GIVEN ENTRIES -
▼▼▼
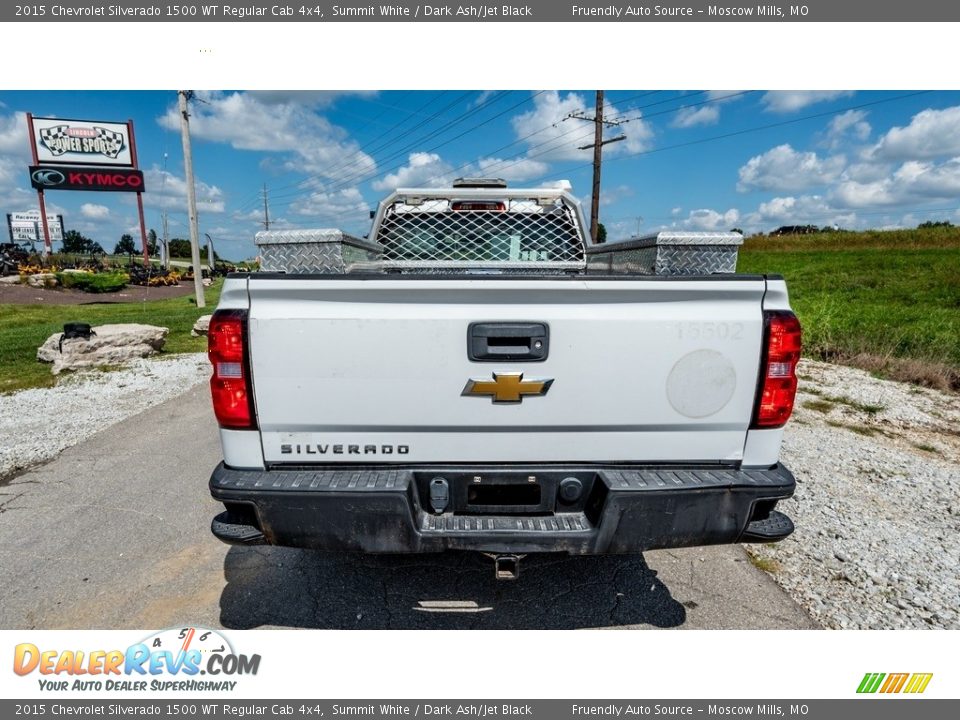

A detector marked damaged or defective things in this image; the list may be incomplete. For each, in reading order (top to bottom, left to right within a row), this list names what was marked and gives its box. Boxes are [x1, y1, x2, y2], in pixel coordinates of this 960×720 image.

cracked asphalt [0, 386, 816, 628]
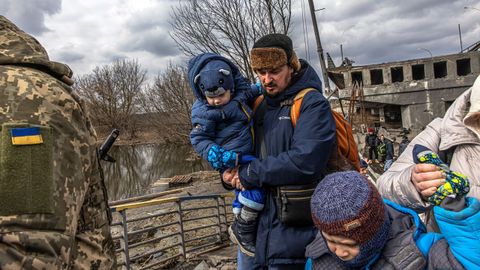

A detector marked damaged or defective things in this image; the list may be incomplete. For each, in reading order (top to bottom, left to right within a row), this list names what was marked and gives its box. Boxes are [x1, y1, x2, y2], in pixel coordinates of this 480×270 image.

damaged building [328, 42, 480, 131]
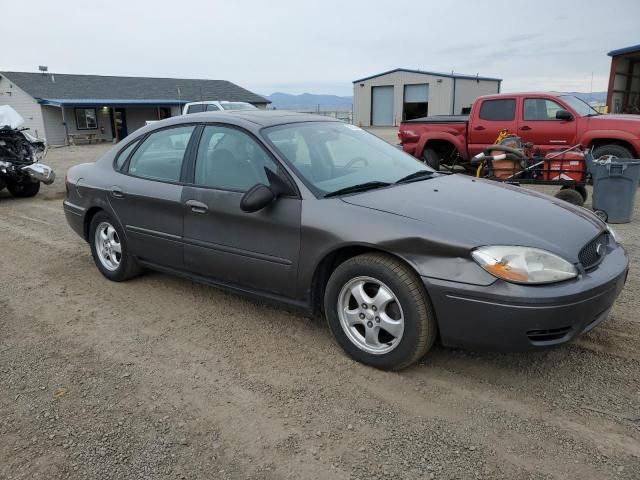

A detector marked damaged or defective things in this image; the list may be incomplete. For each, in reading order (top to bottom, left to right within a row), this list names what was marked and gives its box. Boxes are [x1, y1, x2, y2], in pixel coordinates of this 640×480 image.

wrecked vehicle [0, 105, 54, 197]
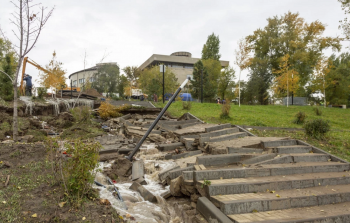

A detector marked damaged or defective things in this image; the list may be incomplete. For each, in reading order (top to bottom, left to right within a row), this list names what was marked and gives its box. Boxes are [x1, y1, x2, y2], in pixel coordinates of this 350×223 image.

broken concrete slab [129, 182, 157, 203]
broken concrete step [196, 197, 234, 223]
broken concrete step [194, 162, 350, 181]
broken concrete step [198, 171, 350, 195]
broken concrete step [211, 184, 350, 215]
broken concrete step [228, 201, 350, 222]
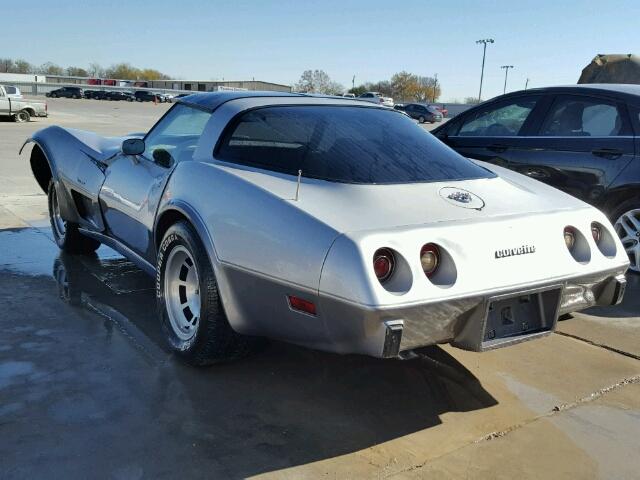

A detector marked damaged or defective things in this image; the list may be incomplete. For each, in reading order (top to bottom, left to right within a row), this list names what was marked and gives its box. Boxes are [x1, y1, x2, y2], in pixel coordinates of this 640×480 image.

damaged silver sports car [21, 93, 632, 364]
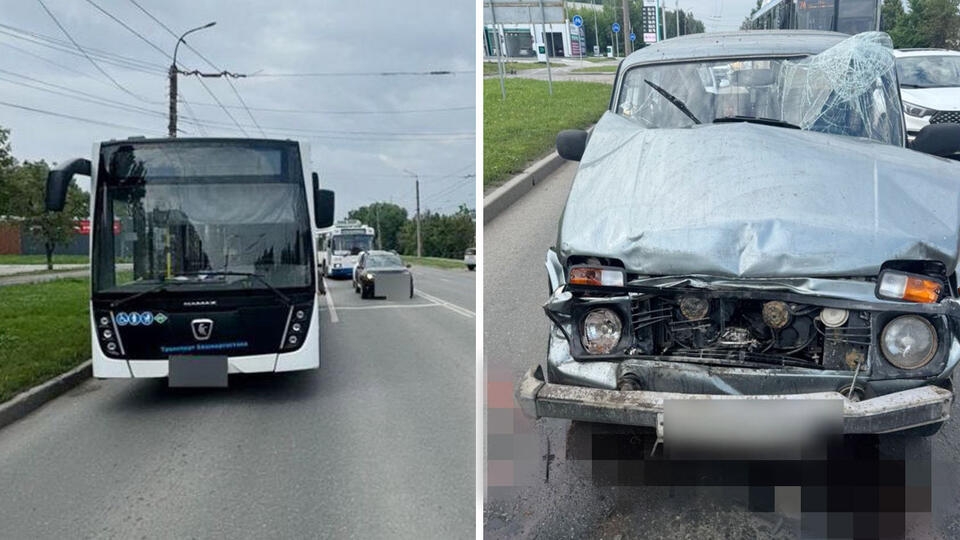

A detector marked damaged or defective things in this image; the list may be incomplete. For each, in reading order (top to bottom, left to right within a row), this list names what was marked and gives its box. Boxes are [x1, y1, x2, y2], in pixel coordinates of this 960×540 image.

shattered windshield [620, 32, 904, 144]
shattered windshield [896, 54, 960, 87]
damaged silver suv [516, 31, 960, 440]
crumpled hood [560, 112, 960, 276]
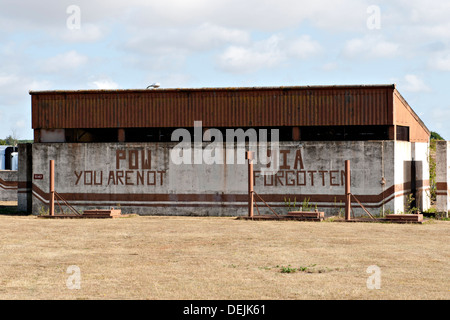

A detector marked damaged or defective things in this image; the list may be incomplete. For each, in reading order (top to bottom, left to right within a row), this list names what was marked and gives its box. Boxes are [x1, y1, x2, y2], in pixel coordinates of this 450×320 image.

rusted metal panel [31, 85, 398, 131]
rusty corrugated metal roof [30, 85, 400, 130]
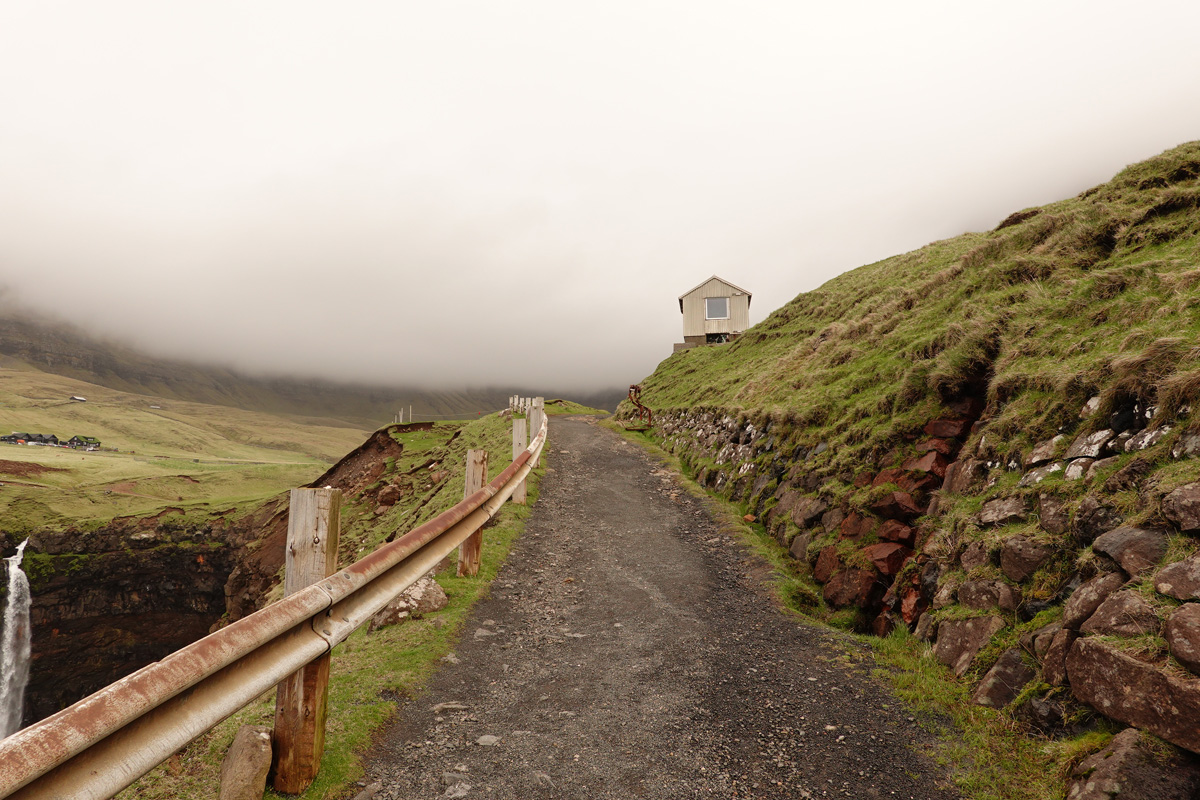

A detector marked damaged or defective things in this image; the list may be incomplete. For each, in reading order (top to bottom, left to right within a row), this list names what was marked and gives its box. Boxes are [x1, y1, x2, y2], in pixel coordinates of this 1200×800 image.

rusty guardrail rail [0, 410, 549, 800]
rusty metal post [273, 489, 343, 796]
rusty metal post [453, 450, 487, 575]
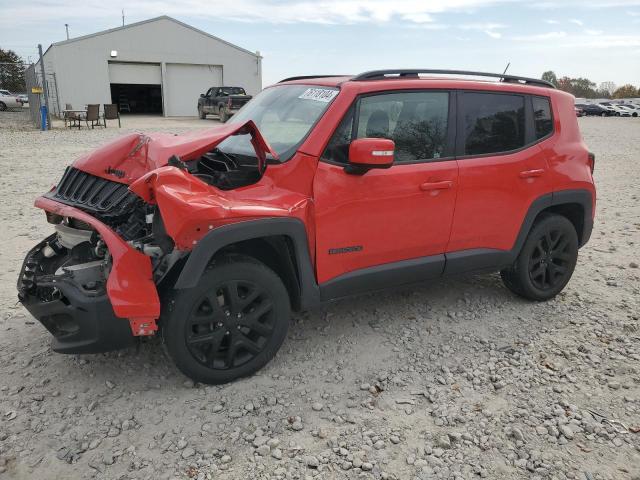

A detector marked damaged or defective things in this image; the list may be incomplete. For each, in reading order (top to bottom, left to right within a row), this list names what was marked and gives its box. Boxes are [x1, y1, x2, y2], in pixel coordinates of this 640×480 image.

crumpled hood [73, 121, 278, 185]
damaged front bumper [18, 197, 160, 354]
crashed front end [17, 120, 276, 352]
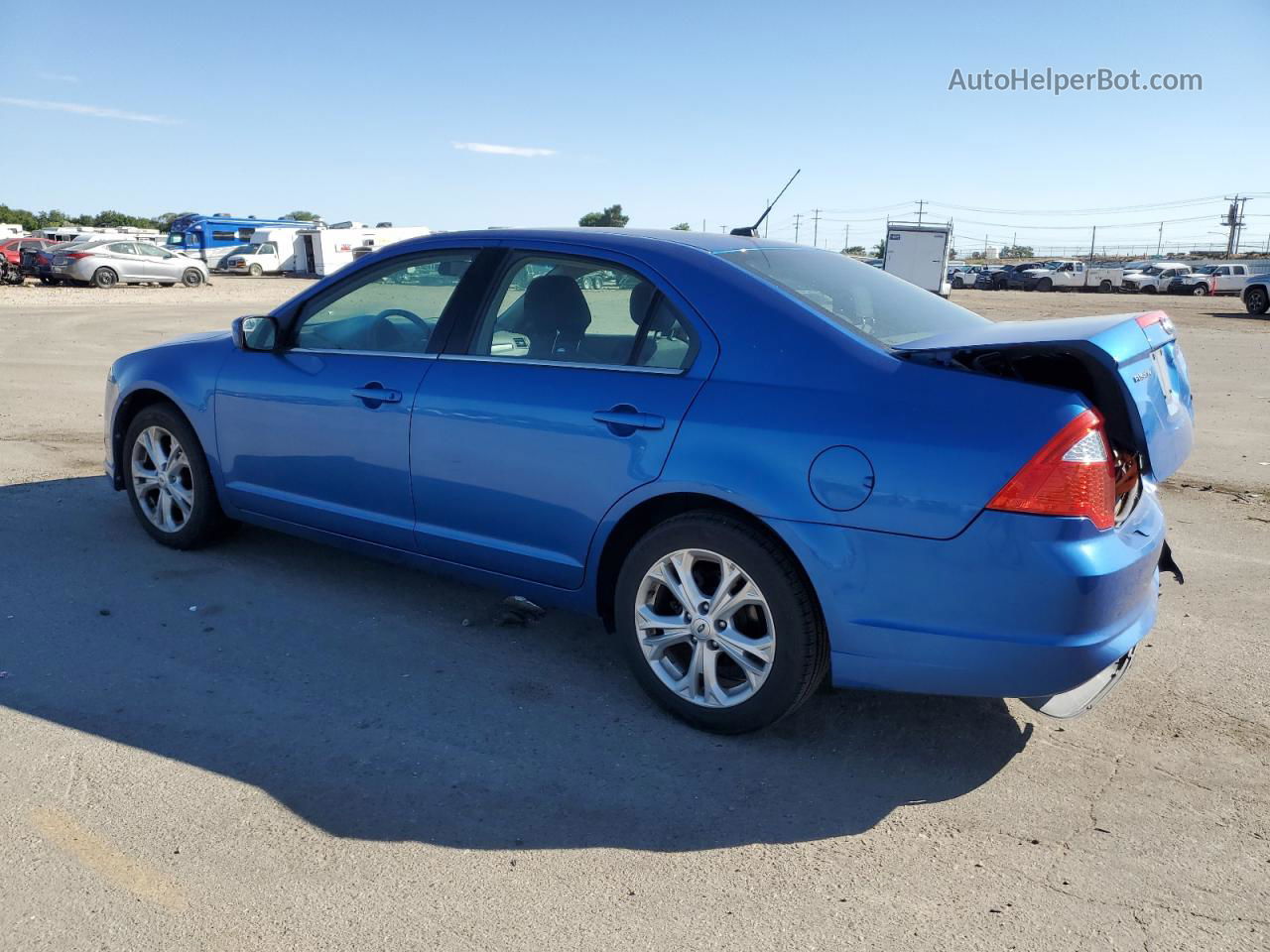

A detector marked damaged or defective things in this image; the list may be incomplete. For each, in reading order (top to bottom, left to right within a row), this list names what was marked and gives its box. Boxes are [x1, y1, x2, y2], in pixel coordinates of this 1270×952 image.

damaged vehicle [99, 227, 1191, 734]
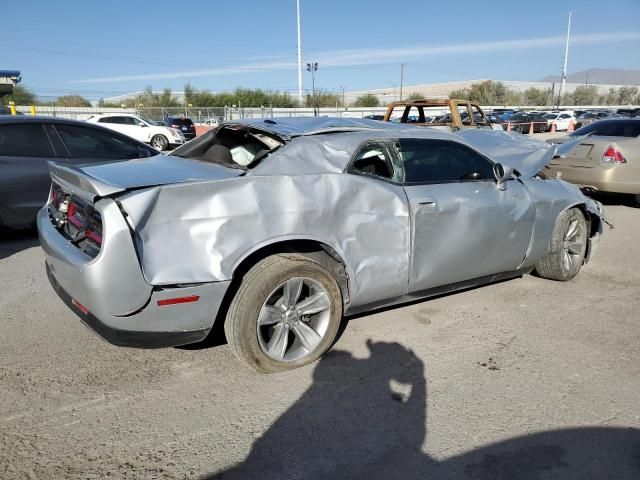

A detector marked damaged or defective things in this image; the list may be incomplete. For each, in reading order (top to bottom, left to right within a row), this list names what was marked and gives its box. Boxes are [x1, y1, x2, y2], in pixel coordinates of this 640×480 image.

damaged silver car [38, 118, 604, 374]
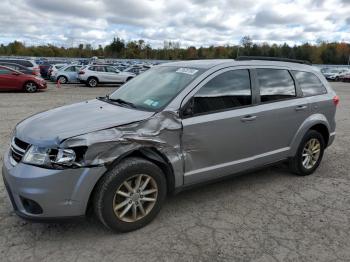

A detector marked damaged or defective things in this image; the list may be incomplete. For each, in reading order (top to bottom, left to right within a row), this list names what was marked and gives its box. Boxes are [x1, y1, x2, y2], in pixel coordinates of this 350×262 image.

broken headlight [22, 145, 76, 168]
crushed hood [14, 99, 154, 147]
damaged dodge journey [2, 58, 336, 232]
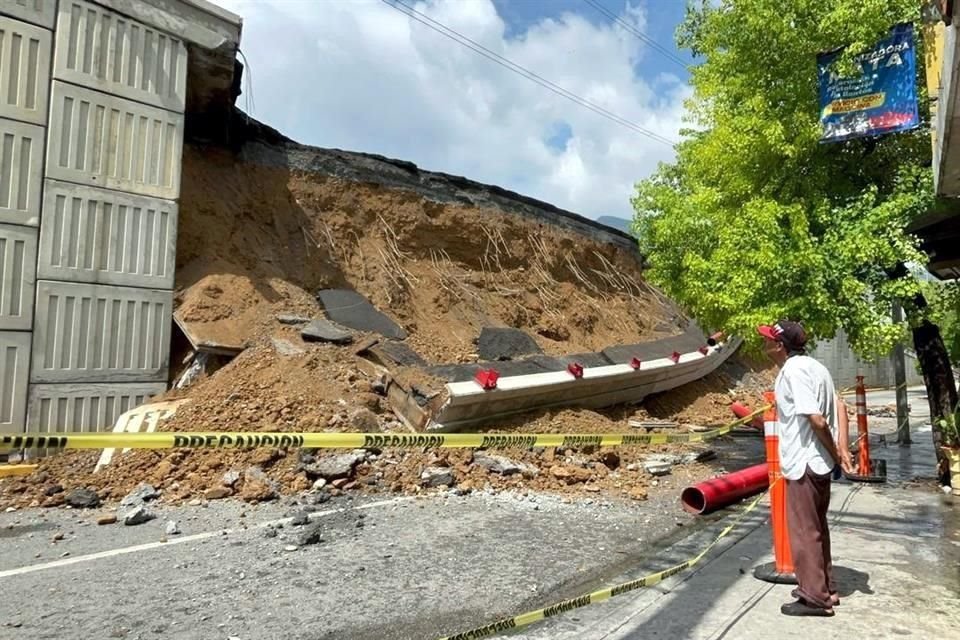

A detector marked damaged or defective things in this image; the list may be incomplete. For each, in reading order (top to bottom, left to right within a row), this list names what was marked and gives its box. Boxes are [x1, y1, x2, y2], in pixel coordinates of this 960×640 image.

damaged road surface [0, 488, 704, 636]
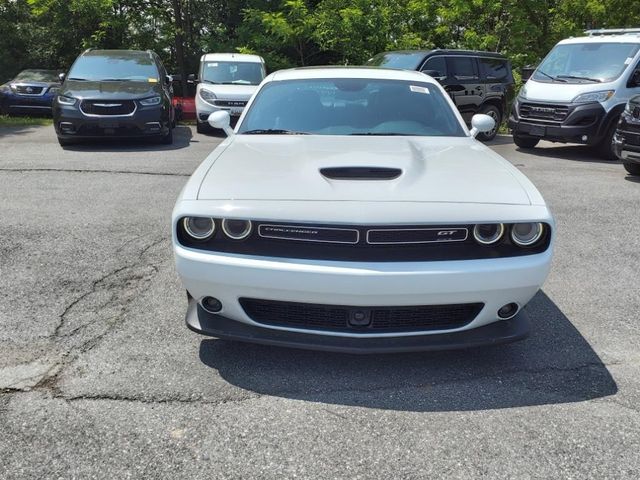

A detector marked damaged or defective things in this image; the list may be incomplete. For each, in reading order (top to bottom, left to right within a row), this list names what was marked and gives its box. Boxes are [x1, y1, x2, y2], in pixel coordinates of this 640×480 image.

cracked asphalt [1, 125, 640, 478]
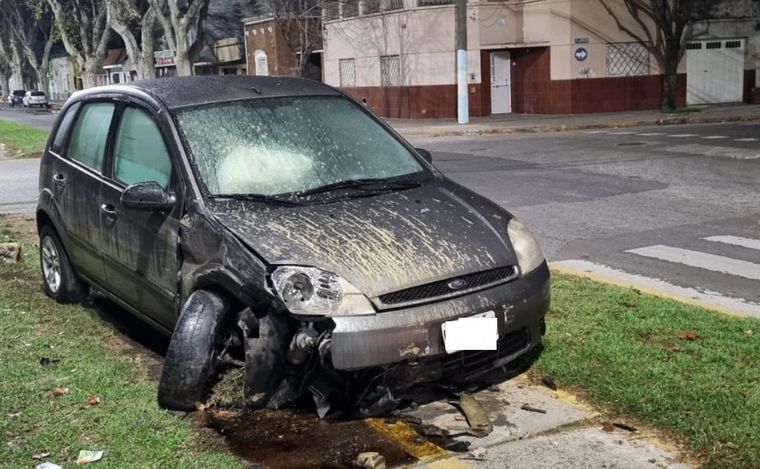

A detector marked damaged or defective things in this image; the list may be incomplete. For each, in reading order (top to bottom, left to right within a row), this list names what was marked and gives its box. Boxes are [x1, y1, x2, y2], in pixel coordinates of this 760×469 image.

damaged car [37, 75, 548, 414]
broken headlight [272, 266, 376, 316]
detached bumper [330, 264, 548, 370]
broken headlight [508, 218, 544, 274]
▲▲▲
TRY IT - Although the records include pictures, the copy should reproduce every line exactly and none of the pictures.

COMPLETED TASK -
A detector marked damaged or defective things in this image; the list may be incomplete. For each, in reading order (top to bottom, left to right within a row), this list names what was marked and gives its box. Boxes are [x1, y1, x2, y2], in pixel coordinates of this 960×720 image.

cracked asphalt [0, 386, 816, 628]

A detector marked damaged or defective things in this image; the list may be incomplete. For each, in reading order (top to bottom, left to right within a row), this list names what was marked and gives its box. Boxes are [x1, y1, x2, y2], in pixel coordinates of this 480×270 image.

damaged building [328, 42, 480, 131]

A detector marked damaged or defective things in this image; the list may be incomplete. For each, in reading order (top to bottom, left to right within a row), this list names what was marked and gives its box. Boxes are [x1, y1, x2, y2], in pixel coordinates of this 640×480 image.

wrecked vehicle [0, 105, 54, 197]

A detector marked damaged or defective things in this image; the list may be incomplete. For each, in reading order (top to bottom, left to right within a row), this list names what was marked and gives its box. Boxes are [x1, y1, x2, y2], in pixel coordinates of this 350×223 image.

broken concrete slab [129, 182, 157, 203]
broken concrete step [196, 197, 234, 223]
broken concrete step [194, 162, 350, 181]
broken concrete step [198, 171, 350, 195]
broken concrete step [211, 184, 350, 215]
broken concrete step [228, 201, 350, 222]

A detector marked damaged or defective things in this image; the list may be incomplete. For each, in reading order (top to bottom, left to right within a row), this list names what was marked and gives its box. Boxes are [x1, y1, x2, y2], in pixel coordinates of this 640×480 image.

damaged silver sports car [21, 93, 632, 364]

A detector marked damaged or defective things in this image; the list may be incomplete. For each, in reading order (top to bottom, left to right within a row), this list names what was marked and gives its box. Boxes are [x1, y1, x2, y2], in pixel coordinates of this 960×540 image.

shattered windshield [620, 32, 904, 144]
shattered windshield [896, 54, 960, 87]
damaged silver suv [516, 31, 960, 440]
crumpled hood [560, 112, 960, 276]

A detector marked damaged or defective things in this image; the list may be incomplete. For each, in reading order (top to bottom, left to right within a row), this list names what was marked and gives its box. Boxes are [x1, y1, x2, y2], in pixel coordinates of this 450×320 image.

rusted metal panel [31, 85, 398, 131]
rusty corrugated metal roof [30, 85, 400, 130]

A detector marked damaged or defective things in this image; the list may be incomplete. For each, in reading order (top to bottom, left to right within a row), this list names what was marked and gives its box. Boxes are [x1, y1, x2, y2], in pixel coordinates of this 1200×800 image.

rusty guardrail rail [0, 410, 549, 800]
rusty metal post [273, 489, 343, 796]
rusty metal post [453, 450, 487, 575]

A detector marked damaged or defective things in this image; the list may be incomplete. For each, in reading order (top to bottom, left to right within a row), this list names what was marked and gives its box. Boxes are [x1, y1, x2, y2], in pixel coordinates of this 640×480 image.

crumpled hood [73, 121, 278, 185]
damaged front bumper [18, 197, 160, 354]
crashed front end [17, 120, 276, 352]

A detector marked damaged or defective things in this image; the list may be incomplete. For each, in reading order (top to bottom, left to right within a row), this list names what was marked and gives its box. Boxes are [x1, y1, x2, y2], in pixel coordinates of this 1270×952 image.

damaged vehicle [99, 227, 1191, 734]

A detector marked damaged or defective things in this image; the list may be incomplete. For each, in reading order (top to bottom, left to right within a row), this list names what was marked and gives its box. Boxes are [x1, y1, x2, y2], in pixel coordinates of this 640×480 image.

damaged silver car [38, 118, 604, 374]

A detector marked damaged or defective things in this image; the list may be incomplete. For each, in reading order (top to bottom, left to right within a row), this list names what was marked and gives its box. Boxes are [x1, y1, x2, y2], in pixel coordinates of this 350×262 image.

broken headlight [22, 145, 76, 168]
crushed hood [14, 99, 154, 147]
damaged dodge journey [2, 58, 336, 232]

A detector marked damaged or defective things in this image; the list may be incomplete. For each, in reading order (top to bottom, left to right within a row), this list names what was marked and gives its box. Boxes are [x1, y1, x2, y2], in pixel coordinates of this 960×640 image.

damaged road surface [0, 488, 704, 636]

A detector marked damaged or defective things in this image; the list may be incomplete. For each, in reading order (top to bottom, left to right within a row), this list names what was marked and gives its box. Boxes are [x1, y1, x2, y2], in pixel coordinates of this 640×480 image.

cracked asphalt [1, 125, 640, 478]

A detector marked damaged or defective things in this image; the list may be incomplete. For each, in reading order (top to bottom, left to right within a row), this list names what was marked and gives its box. Boxes are [x1, y1, x2, y2], in pixel coordinates of this 760×469 image.

damaged car [37, 75, 548, 414]
broken headlight [272, 266, 376, 316]
detached bumper [330, 264, 548, 370]
broken headlight [508, 218, 544, 274]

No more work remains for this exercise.